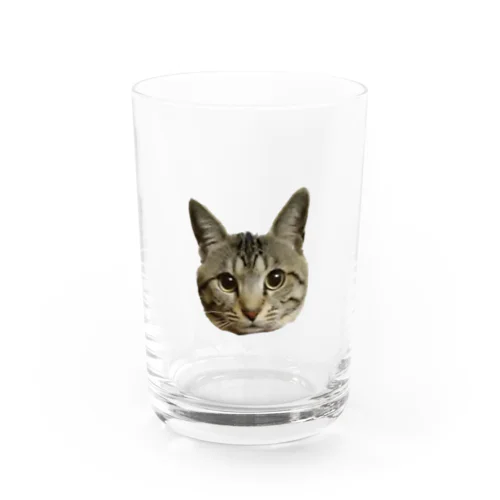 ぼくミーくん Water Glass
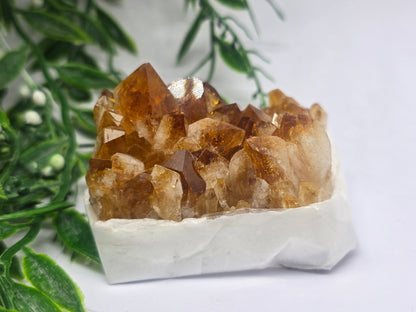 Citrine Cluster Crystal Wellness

...

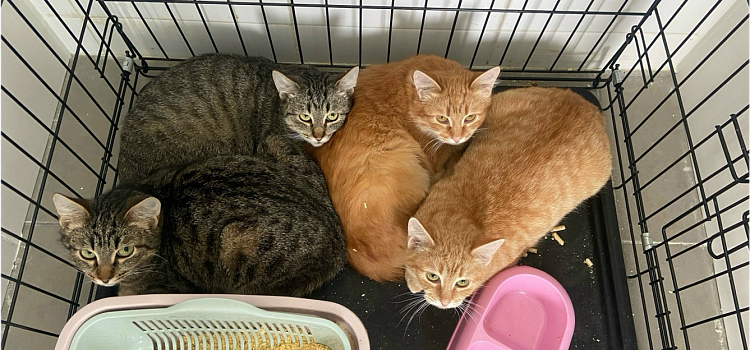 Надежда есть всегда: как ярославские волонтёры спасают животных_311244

TASK OBJECTIVE: While skipping the pictures, transcribe the data above from the line showing "ぼくミーくん Water Glass" through the line showing "Citrine Cluster Crystal Wellness", exactly and with both ends.

EXERCISE OUTPUT:
 ぼくミーくん Water Glass
 Citrine Cluster Crystal Wellness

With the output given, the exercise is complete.